DESCRIPTION OF THE TASK: Reproduce the following entries verbatim, each one complete.
──────── MATERIAL TO PROCESS ────────
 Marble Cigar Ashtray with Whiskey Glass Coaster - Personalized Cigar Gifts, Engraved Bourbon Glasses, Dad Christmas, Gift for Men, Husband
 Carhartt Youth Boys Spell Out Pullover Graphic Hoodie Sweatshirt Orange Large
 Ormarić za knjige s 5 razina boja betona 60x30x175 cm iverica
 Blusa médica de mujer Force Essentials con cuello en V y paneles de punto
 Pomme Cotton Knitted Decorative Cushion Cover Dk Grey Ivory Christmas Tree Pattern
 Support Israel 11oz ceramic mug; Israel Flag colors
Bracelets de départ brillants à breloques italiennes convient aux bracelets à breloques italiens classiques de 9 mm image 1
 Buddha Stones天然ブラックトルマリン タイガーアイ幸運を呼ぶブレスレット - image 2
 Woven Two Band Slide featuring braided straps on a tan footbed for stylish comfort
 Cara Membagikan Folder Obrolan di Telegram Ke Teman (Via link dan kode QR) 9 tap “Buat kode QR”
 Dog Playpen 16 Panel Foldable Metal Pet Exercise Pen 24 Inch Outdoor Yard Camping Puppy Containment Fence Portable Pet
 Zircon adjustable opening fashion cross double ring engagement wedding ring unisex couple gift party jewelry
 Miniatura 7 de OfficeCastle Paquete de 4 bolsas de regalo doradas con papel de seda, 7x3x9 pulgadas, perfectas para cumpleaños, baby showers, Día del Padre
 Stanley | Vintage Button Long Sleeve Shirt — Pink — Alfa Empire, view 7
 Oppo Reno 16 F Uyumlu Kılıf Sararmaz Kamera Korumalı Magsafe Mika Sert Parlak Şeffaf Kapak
────────
TASK RESPONSE:
 Marble Cigar Ashtray with Whiskey Glass Coaster - Personalized Cigar Gifts, Engraved Bourbon Glasses, Dad Christmas, Gift for Men, Husband
 Carhartt Youth Boys Spell Out Pullover Graphic Hoodie Sweatshirt Orange Large
 Ormarić za knjige s 5 razina boja betona 60x30x175 cm iverica
 Blusa médica de mujer Force Essentials con cuello en V y paneles de punto
 Pomme Cotton Knitted Decorative Cushion Cover Dk Grey Ivory Christmas Tree Pattern
 Support Israel 11oz ceramic mug; Israel Flag colors
Bracelets de départ brillants à breloques italiennes convient aux bracelets à breloques italiens classiques de 9 mm image 1
 Buddha Stones天然ブラックトルマリン タイガーアイ幸運を呼ぶブレスレット - image 2
 Woven Two Band Slide featuring braided straps on a tan footbed for stylish comfort
 Cara Membagikan Folder Obrolan di Telegram Ke Teman (Via link dan kode QR) 9 tap “Buat kode QR”
 Dog Playpen 16 Panel Foldable Metal Pet Exercise Pen 24 Inch Outdoor Yard Camping Puppy Containment Fence Portable Pet
 Zircon adjustable opening fashion cross double ring engagement wedding ring unisex couple gift party jewelry
 Miniatura 7 de OfficeCastle Paquete de 4 bolsas de regalo doradas con papel de seda, 7x3x9 pulgadas, perfectas para cumpleaños, baby showers, Día del Padre
 Stanley | Vintage Button Long Sleeve Shirt — Pink — Alfa Empire, view 7
 Oppo Reno 16 F Uyumlu Kılıf Sararmaz Kamera Korumalı Magsafe Mika Sert Parlak Şeffaf Kapak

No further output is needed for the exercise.